Existing world-action models struggle to simultaneously achieve long-horizon scene understanding and real-time control due to their coupling of perception and action at the same temporal resolution. This work proposes an asynchronous, horizon-adaptive world-action modeling framework that decouples the temporal rhythms of perception and action through a dual-diffusion Transformer architecture. The approach incorporates observation-guided video context routing (OVCR), rolling key-value memory, and inter-layer joint attention mechanisms. Evaluated on RoboTwin, the method achieves an average success rate of 92.80%, with 78.3% success across four real-world tasks, operating at a closed-loop frequency of 24.17 Hz—4.59× faster than Fast-WAM—without requiring any pretraining on robotic data.
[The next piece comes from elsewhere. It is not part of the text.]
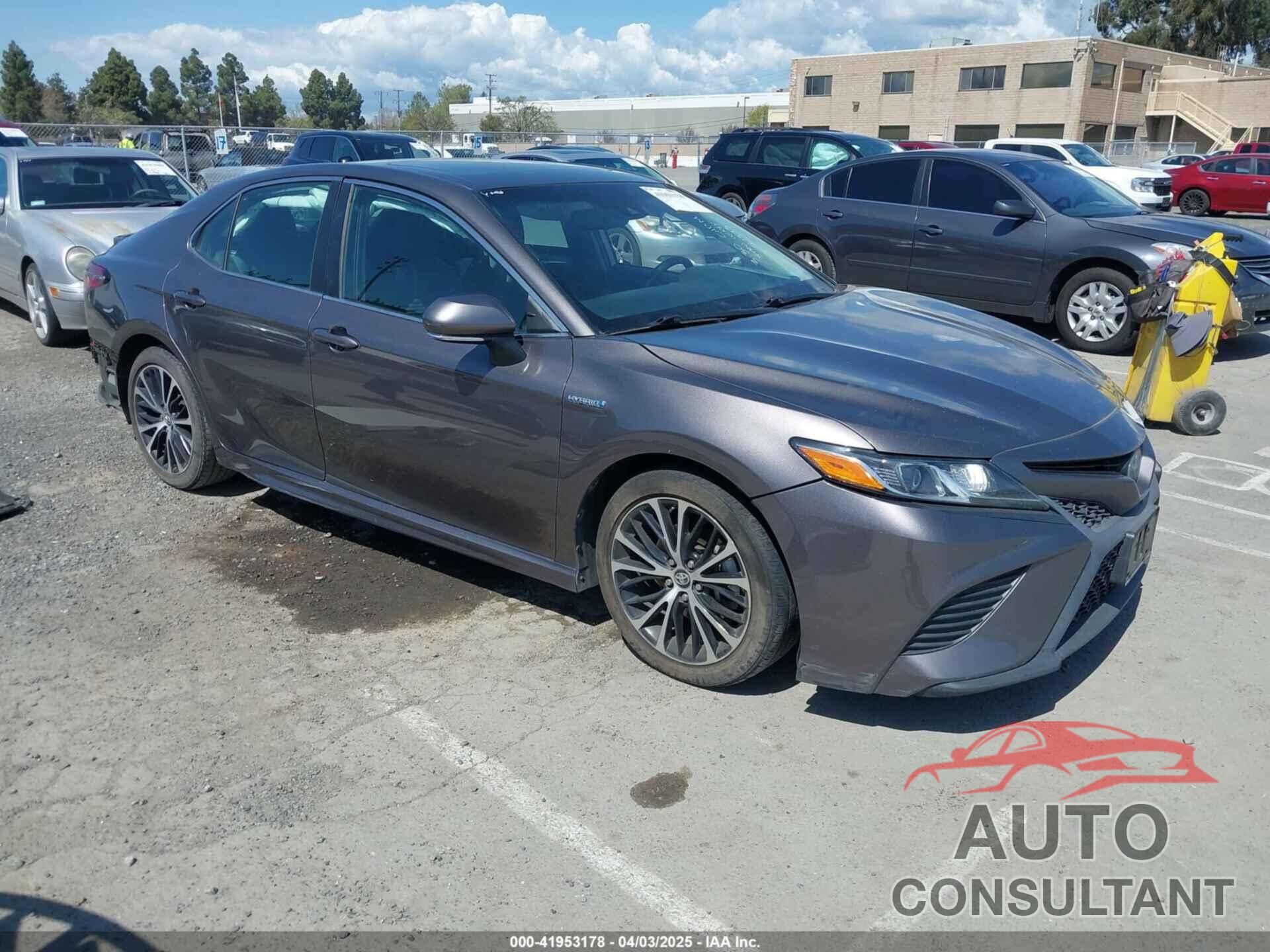 TOYOTA CAMRY HYBRID 2018 - 4T1B21HK0JU504648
World-action models have emerged as a promising paradigm for robot manipulation, jointly modeling visual scene dynamics and actions to inject physical priors into policy learning. However, existing world-action models couple world prediction and action execution at the same temporal resolution, forcing the world branch to model near-term frame variations that are redundant and weakly informative. We posit that strictly binding world prediction and action execution to the same temporal rhythm may underutilize the potential of the video branch for embodied control. Therefore, we propose AHA-WAM, an Asynchronous Horizon-Adaptive World-Action Model built on a dual Diffusion Transformer (DiT) architecture that reorganizes world-action modeling around this temporal asymmetry. AHA-WAM instantiates the video DiT as a low-frequency world planner that maintains rolling key-value memory over past observations and exposes reusable layerwise latent context encoding long-horizon scene evolution, while a high-frequency action DiT executes short action chunks in closed loop by querying this context through layerwise joint attention. To support asynchronous execution, we introduce horizon-adaptive offset training and Observation-Guided Video-Context Routing (OVCR), which together let the action expert exploit long-horizon world context while remaining responsive to real-time execution state without rerunning the video DiT. Experiments on RoboTwin and real-world manipulation tasks show that AHA-WAM achieves state-of-the-art performance without any robot-data pretraining, attaining 92.80% average success on RoboTwin and 78.3% success across 4 real-world tasks, while reaching 24.17 Hz closed-loop control with a 4.59x speedup over Fast-WAM.